Parmi les blessés, au moins huit ont été traités pour des blessures par balle et trois sont des policiers, avaient comptabilisé ces ONG. Les médias kényans évoquaient des tirs à balles réelles de la police, notamment en périphérie de Nairobi.
"On lui a tiré sous l'œil et la balle est sortie par l'arrière de sa tête", a raconté Fatuma Opango à l'AFP devant la morgue de Nairobi, où elle a reconnu la dépouille de son neveu Ian, 17 ans, pour lequel elle réclame "justice".
"Vous sortez pour protester contre les tueries policières, et ils en tuent encore plus", a tonné Hussein Khalid, le directeur exécutif de l'ONG de défense des droits humains Vocal Africa, qui dénonce un "usage excessif de la force".
L'ONU, dans un communiqué, s'est dit jeudi "profondément préoccupée" par les informations faisant état de morts et de blessés par balle au Kenya.
"La force létale des forces de l'ordre, comme les armes à feu, ne devrait être utilisée qu'en cas de stricte nécessité", a affirmé Elizabeth Throssell, porte-parole du Haut-Commissariat onusien aux droits de l'homme, appelant à l'ouverture d'enquêtes "indépendantes et transparentes".
Jeudi, le ministre de l'Intérieur kényan a, lui, communiqué un bilan de plus de dix morts et 400 blessés... dont 300 sont selon lui étaient des policiers.
La police, qui a fait preuve d'une "retenue remarquable", a "réussi à déjouer un coup d'Etat", a loué Kipchumba Murkomen.
- "Régime voyou" -
Jeudi, le quotidien d'opposition The Standard titrait toutefois en Une : "Régime voyou". "Au lieu d'une oreille attentive, (les manifestants) ont rencontré des barbelés, des camions blindés et l'emprise froide de la répression", dénonçait-il.
"Leurs voix ont percé à travers le brouillard de gaz lacrymogène et de tyrannie, refusant d'être noyées dans la peur du sang", soulignait encore le journal.
Dans le centre administratif et financier de la capitale, déjà endommagé l'an passé, des commerçants se sont dits désespérés, après avoir été dévalisés.
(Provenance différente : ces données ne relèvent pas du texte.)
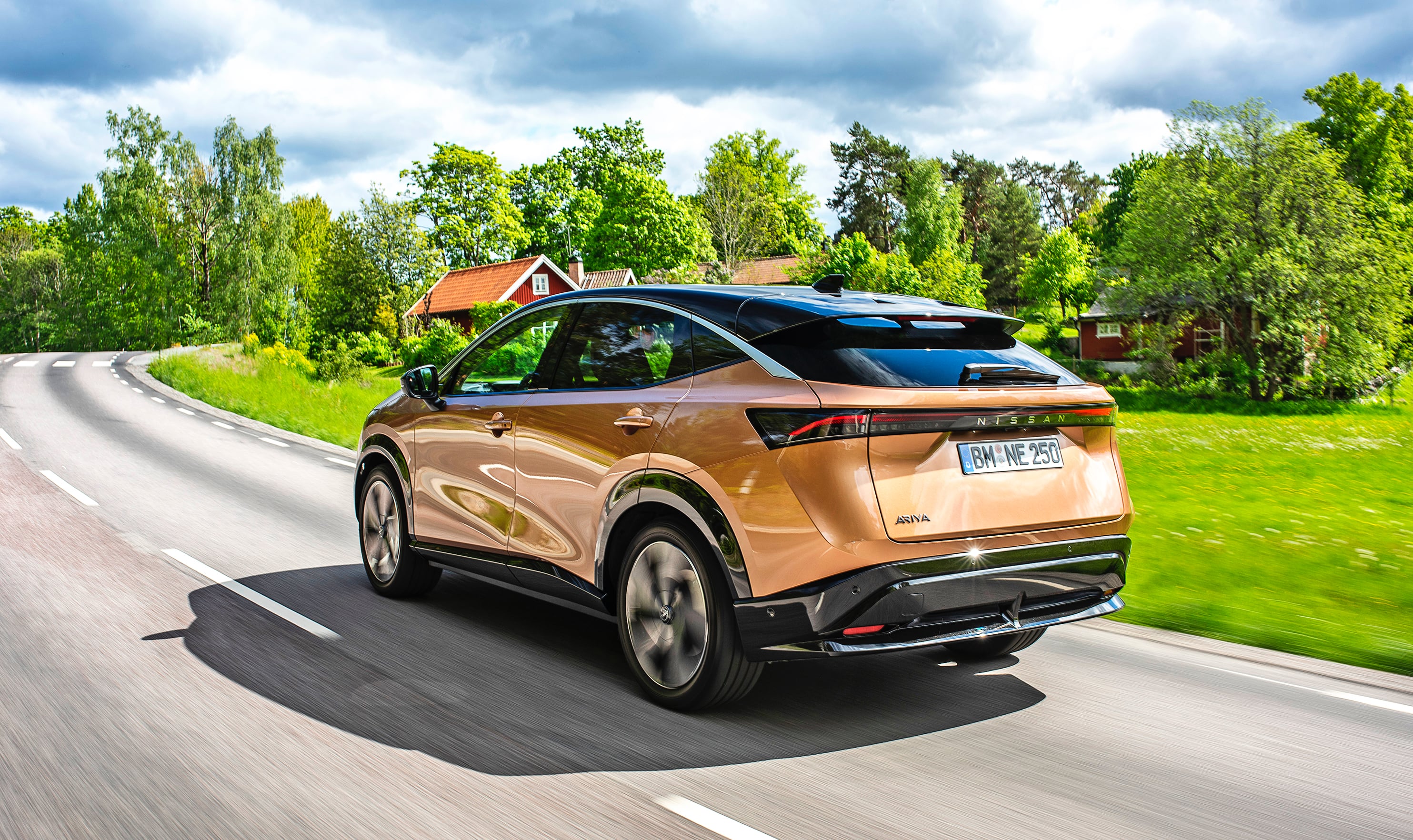 Nissan Ariya bok i tył w ruchu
Les vols ont débuté mercredi après-midi après l'annonce d'une interdiction pour les télévisions et radios de diffuser en direct des images des manifestations, ont affirmé leurs propriétaires à l'AFP.
"Ils ont tout pris", s'est désolée Maureen Chepkemoi, 32 ans, dans son magasin de parfums pillé, dans lequel elle dit avoir perdu pour un demi million de shillings (environ 3.300 euros) de marchandises.
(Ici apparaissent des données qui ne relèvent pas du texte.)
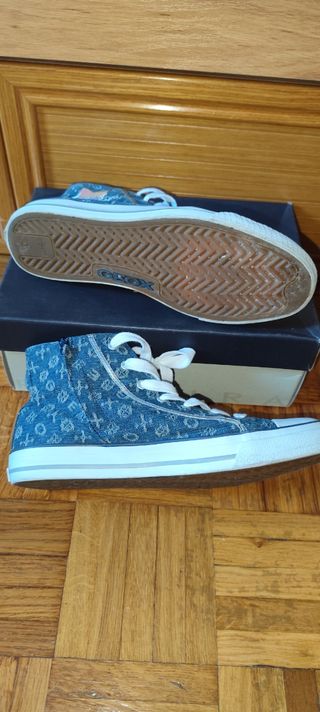 Zapatillas Geox azules estilo Converse.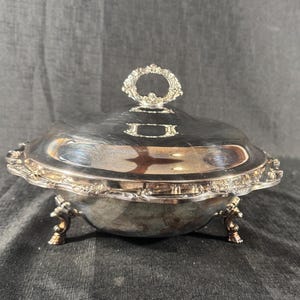 Vintage International Silver Co. Serving Dish w/ Lid and 1.5 Qt Pyrex 1.5qt Dish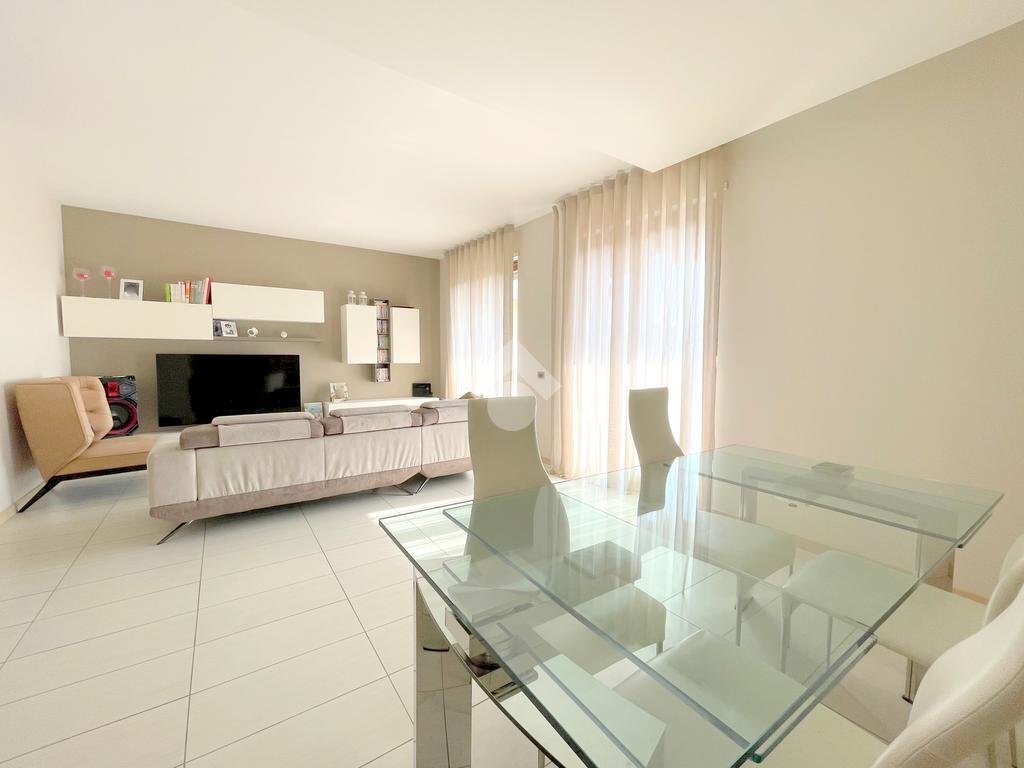 Three-room apartment Via Carlo Pisacane, Cornaredo - photo 2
"Certains de nos locataires pleurent", a déclaré David Gitonga, le propriétaire d'un immeuble abritant des centaines de commerces, qui estime le préjudice total à plus de 100 millions de shillings (plus de 660.000 euros).
Comme en 2024, de nombreux manifestants mercredi réclamaient la démission de William Ruto, élu en 2022.
L'impopulaire président s'est efforcé d'éviter toute hausse directe d'impôts dans le budget de cette année afin de limiter les troubles.
En plus des violences, de la corruption et des difficultés économiques, la jeunesse réclame les emplois que le président leur avait promis pendant sa campagne.